Again, like emergency fund, I have a different definition for poor financial planning.  To me, poor planning would be just applying some blanket rule to my situation whether or not it actually made sense.  I've questioned the common rule of the 6 month emergency fund and decided that it's poor advice for me.  I don't need to insure my insured insurance in order to sleep at night.  And yes, since I'm still in my accumulation phase, I'm almost 100% stocks.

Saverocity

  • Stubble
  • **
  • Posts: 151
Re: Portion of Emergency Fund in Roth IRA
« Reply #51 on: January 23, 2014, 04:46:42 PM »
I use the word 'planning' in reference to 'financial planning' if you don't plan in the EF in the manner I suggested, which I might add is hardly revolutionary in terms of financial planning then you will be forced to sell low.

Therefore if the event happens that you sold low, it was due to poor planning, whereas good planning would have baked in the EF buffer and protected your assets.  I am talking about planning concepts being poor or good, not you personally, so it shouldn't be insulting.

And yes, you can make your whopping returns in the market, but if that is the case do you intend to be 100% allocated into stocks, or do you diversify for risk management?

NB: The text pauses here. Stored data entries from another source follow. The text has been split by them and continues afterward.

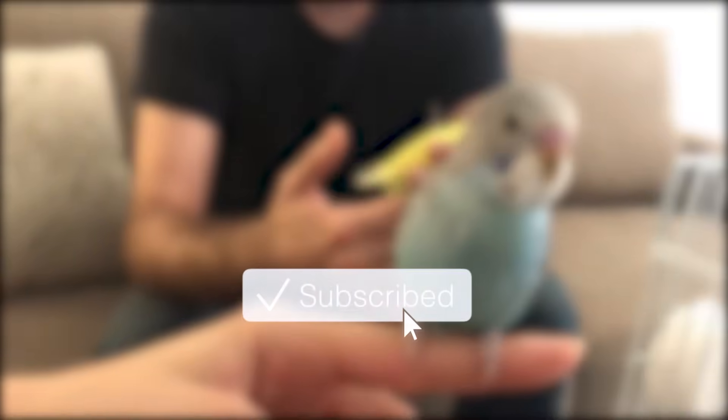For more about budgies, make sure to subscribe to the channel on YouTube and hit the bell icon to get notified when the next video is up, or like the Facebook page if you're watching from Facebook.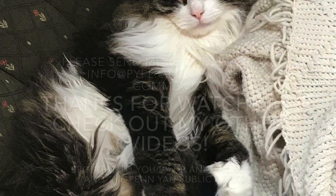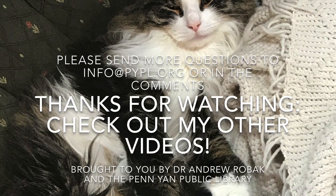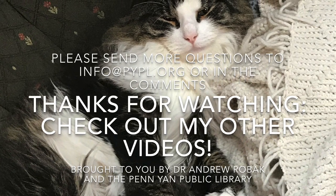Bigger animals like tigers and lynxes will also respond to catnip, just like smaller cats do. But as I said, it's not addictive, and it doesn't do much for humans. Other animals might react similarly to some pheromones, but for people it doesn't do a whole lot. For cats, though, it makes a big difference.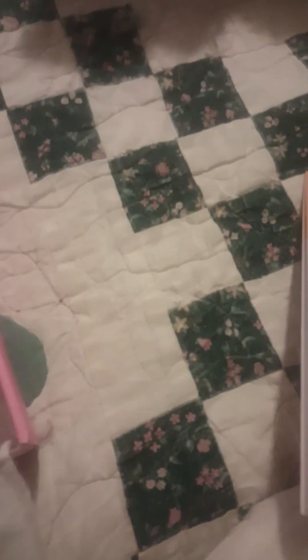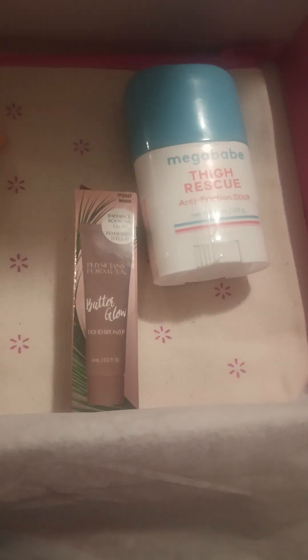That's kind of funny, especially since it's called Mega Babe. I got a little tiny sample of Butter Lotion Butter Glow Bronzing Drops from Physician's Formula. I don't usually use bronzers, but we'll see.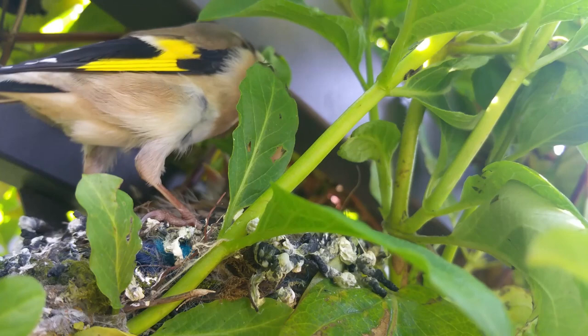Hi, welcome back to our garden. We do our best to encourage wildlife to join us here and we've been successful with some little goldfinches. I've got some footage which I'm very proud of and I hope that you like it.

An EF is a risk management tool, that has some opportunity costs - I would say about 5-6% per year for the amount of the fund (which should be rather small in comparison, to your assets).  If you don't have the assets to protect, or feel the need to protect them then don't do it - it really is no different from insurance.

Again, like emergency fund, I have a different definition for poor financial planning.  To me, poor planning would be just applying some blanket rule to my situation whether or not it actually made sense.  I've questioned the common rule of the 6 month emergency fund and decided that it's poor advice for me.  I don't need to insure my insured insurance in order to sleep at night.  And yes, since I'm still in my accumulation phase, I'm almost 100% stocks.

Cool, good luck!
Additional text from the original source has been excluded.